As a young engineer I kept running into bass players who were obsessed with something they called the “f hole”—so compulsive that at first I was afraid to ask what it was. I was relieved to learn that these were merely the two holes in the front of the bass. They are shaped like a cursive letter “f”. These bassists would insist that the very best sound is obtained by placing a mic right up on one of the f holes, and they usually had a preference for one or the other. I quickly learned that the sound coming out at that point is very dark and mushy, much like the sound of some of those pickups.

Once I was older and more experienced I found the courage and diplomatic skill to distract the bassist just long enough to place a large-diaphragm condenser mic directly in front of and about six inches from the strings, with the capsule halfway between the bridge and the bottom end of the fingerboard.

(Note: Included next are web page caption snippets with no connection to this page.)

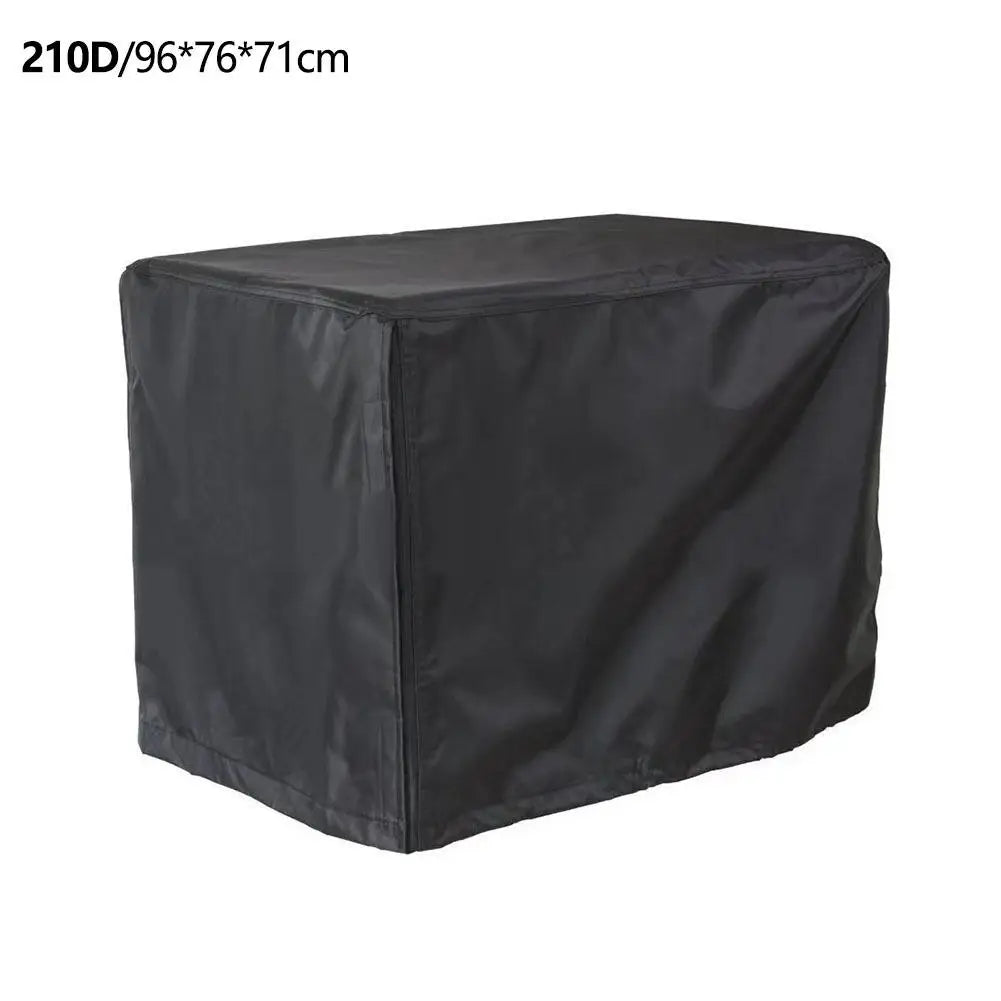 Waterproof Outdoor Generator Cover – UV & Weather Shield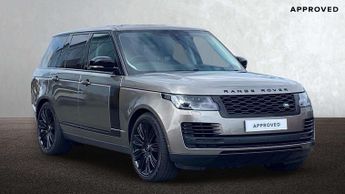 Land Rover Range Rover 4.4 Sdv8 Autobiography 4Dr Auto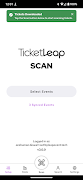 TicketLeap Scan ภาพหน้าจอ 2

Click here for the complete source article

Move your head close to the bridge and you’ll hear a better sound. This is where a large majority of sound engineers prefer to mic and the consider the the sweet spot. I am not going to take credit for placing a condenser mic in that location as part of the amplification system, since it have been done already by some really great bassists, one of the most popular: Dave Holland. For an example, you can listen to his Extended Play: Live at Birdland CD.

This is not to say that the AMT is not a good quality microphone, but my preference is for the AKG. The newer tailpiece mounted model AMT S25b-tp would allow for miking where I’d like to pull sound from, but that mic is not removable for transport and it is too tightly focused to get a wider area of sound around it.

The AKG is not bass specific, nor does it need to be for where it’s located at. Because it is not instrument specific and AKG has the resources and experience to put together a reliable, durable, good sounding mic at a much lower cost (you’re sharing the R&D cost with tens of thousands of other people instead of a couple hundred).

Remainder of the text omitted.